• [PROBLEM STATEMENT]
Provide an exact copy of the data, excluding the images.

• [PROVIDED MATERIAL]
[Start of Attachment]

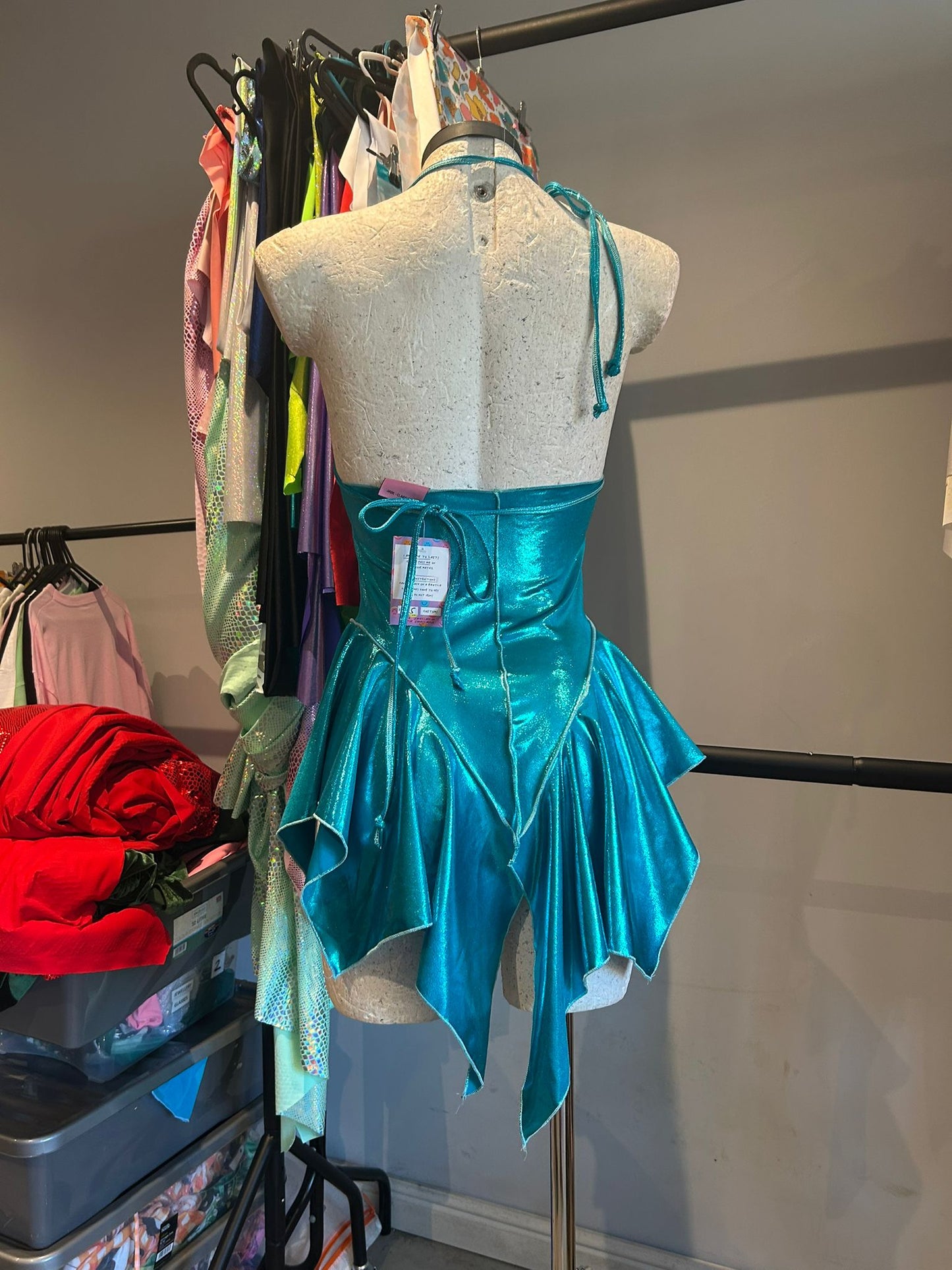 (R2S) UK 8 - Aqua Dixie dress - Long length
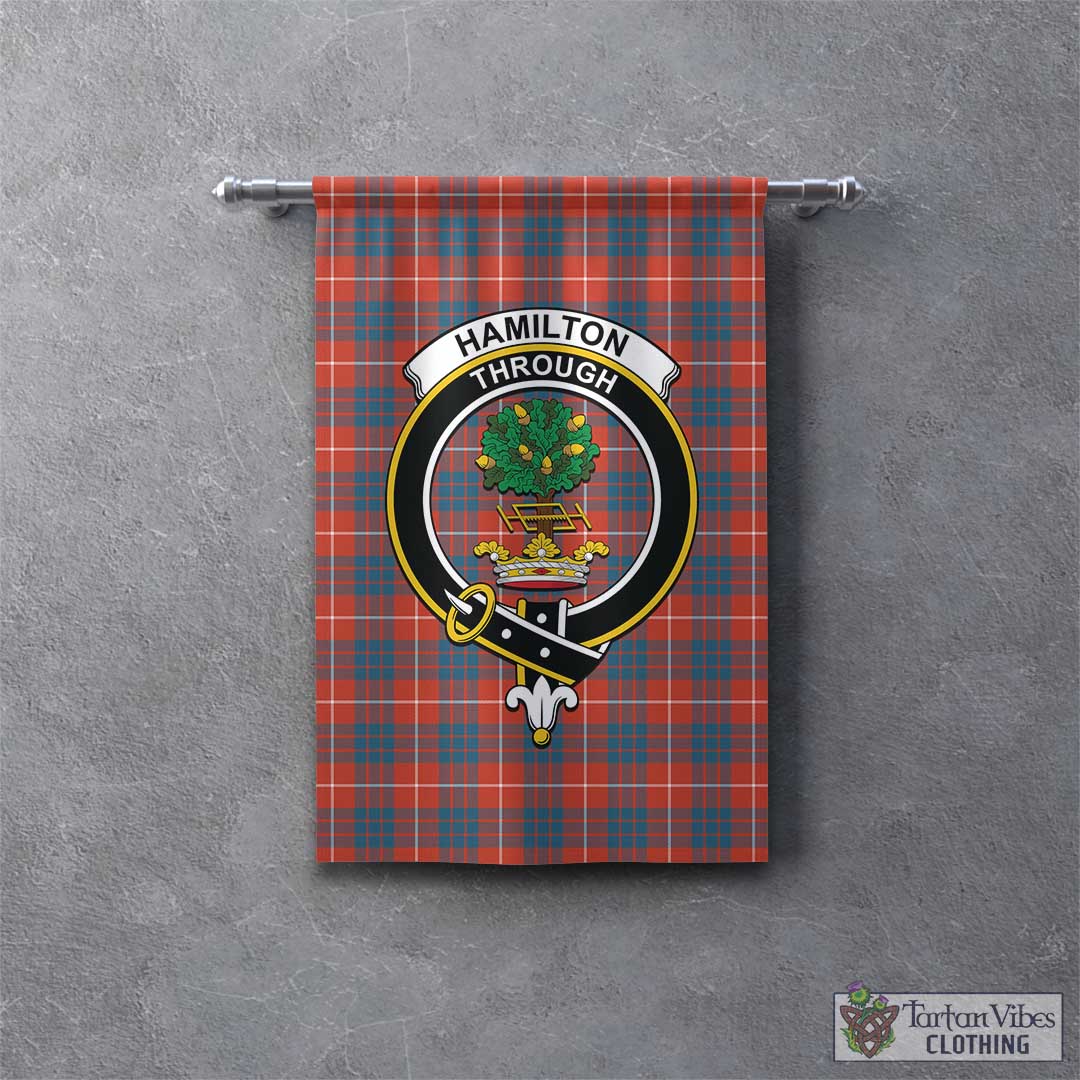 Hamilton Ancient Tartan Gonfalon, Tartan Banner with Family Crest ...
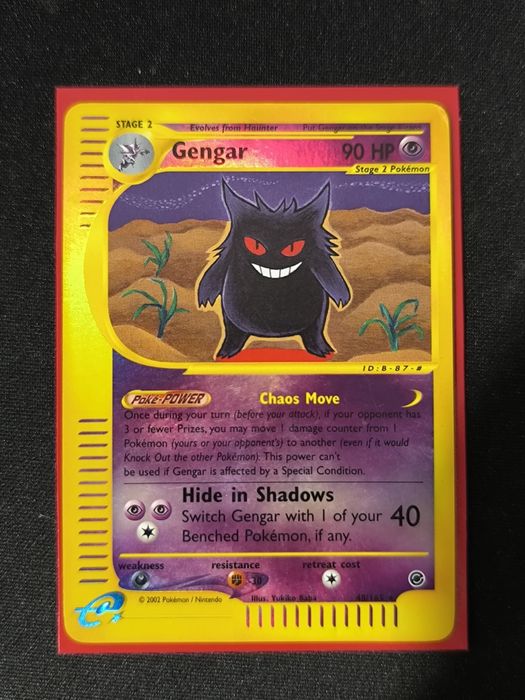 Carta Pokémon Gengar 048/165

[End of Attachment]

• [EXERCISE SOLUTION]
 (R2S) UK 8 - Aqua Dixie dress - Long length
 Hamilton Ancient Tartan Gonfalon, Tartan Banner with Family Crest ...
 Carta Pokémon Gengar 048/165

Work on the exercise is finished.